Mistakes or accidental data deletions can sometimes happen on a productive MariaDB Galera Cluster and this can be disastrous.
There are so many cases I have heard by customers and hereafter are some of the most common:
– dropping one column of a table
– dropping one table
– updating a big table without a where clause
What if it was possible to restore online a subset of data without downtime?
Restoring & recovering using either mysqldump or mariabackup is not satisfying when you have just to recover a subset of data.
In both case, there will be a downtime and it will be a very long process.
– with mysqldump: you will have first to stop the application, restore the latest Full backup and then apply all the binary logs until the guilty command.
– with mariabackup, you will also have to stop the application but additionally the cluster, then restore the latest Full backup on one node, restart the cluster (galera_new_cluster), apply all the binary logs and finally restart the other members in order to be synchronized.

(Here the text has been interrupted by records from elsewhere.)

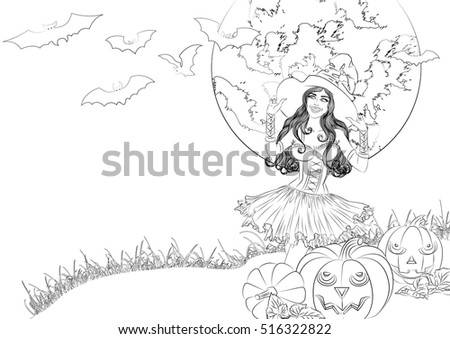 Vector Outline Illustration Sexy Smiling Witch Stock Vector 516322822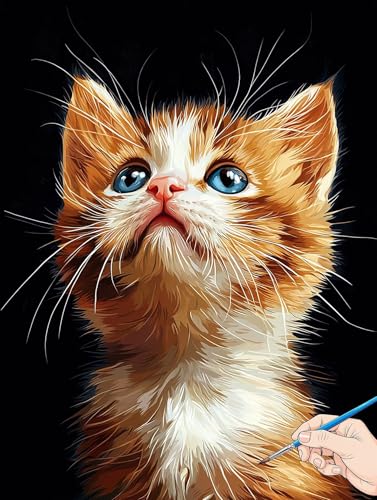Malen Nach Zahlen Erwachsene Katze Malen Nach Zahlen Kinder ab 10 Tiere Set Basteln Erwachsene DIY Paint by Numbers Adult Acrylfarbe Ölgemälde Bastelset für Geschenke Deko Wohnzimmer 40x50cm J-23 von Jaeixouu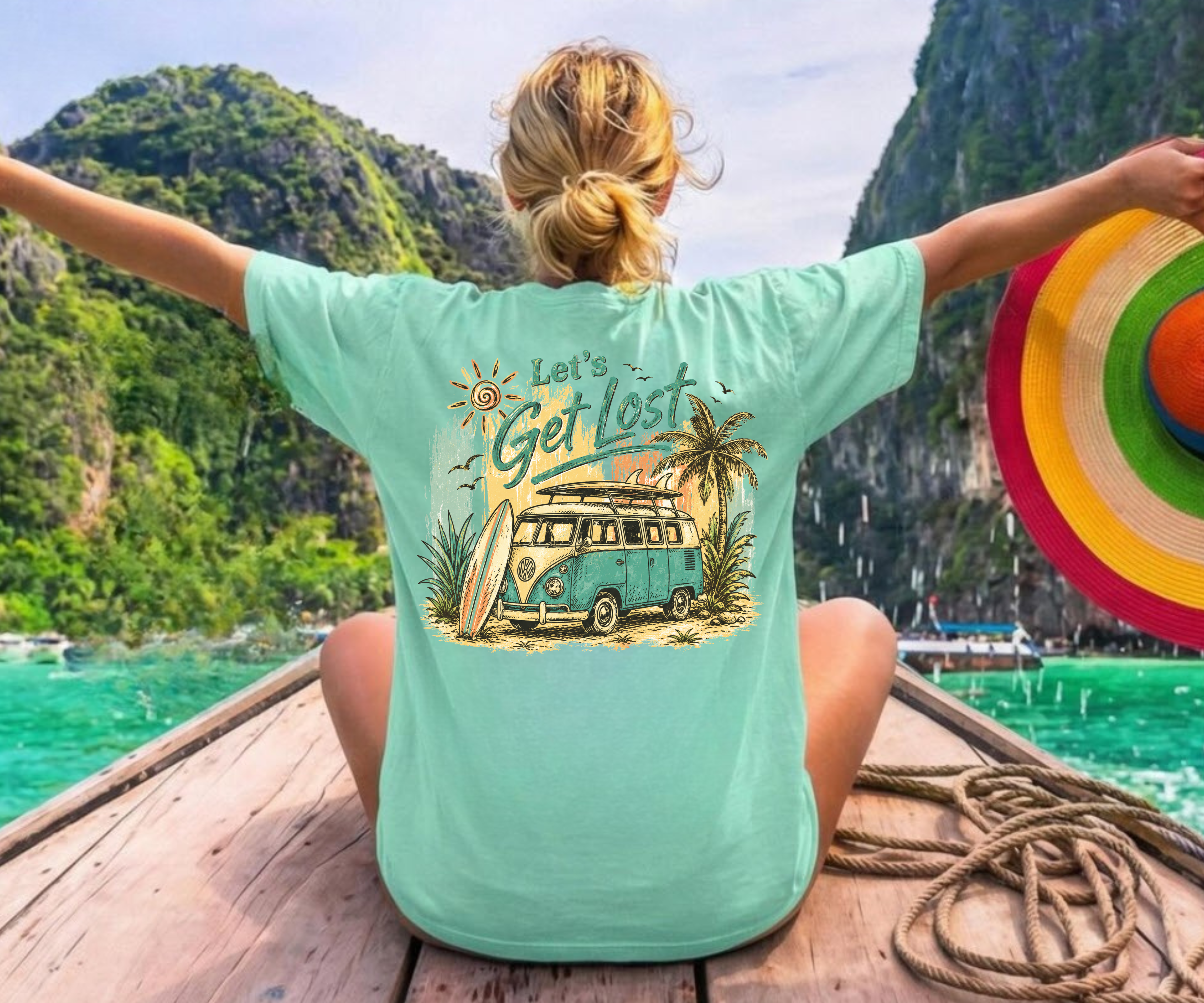 Let's Get Lost Vintage Beach Shirt | Retro VW Bus Surf Tee | Boho Summer Travel Graphic T-Shirt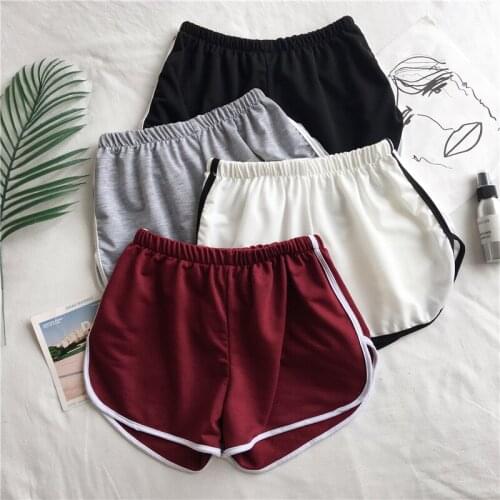 Casual Shorts Women Summer 2020 Korean Style Side Striped Wide Leg Elasic Waist Short Pants Black White Red short femme B335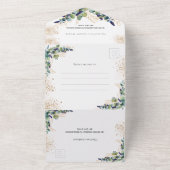 ユーカリ緑金ゴールド結婚グリッター オールインワン招待状 (外側)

Having a test server where you can restore/recover a logical backup can help, you just have then to export the needed data, copy them on the productive host and reload them but still, it will take a lot of time.
MariaDB Galera Cluster preparation
“On a souvent besoin d’un plus petit que soi” was saying Jean de La Fontaine in his fable: Le lion et le rat
Let’s use this proverb to implement this solution, we will need some help from Docker.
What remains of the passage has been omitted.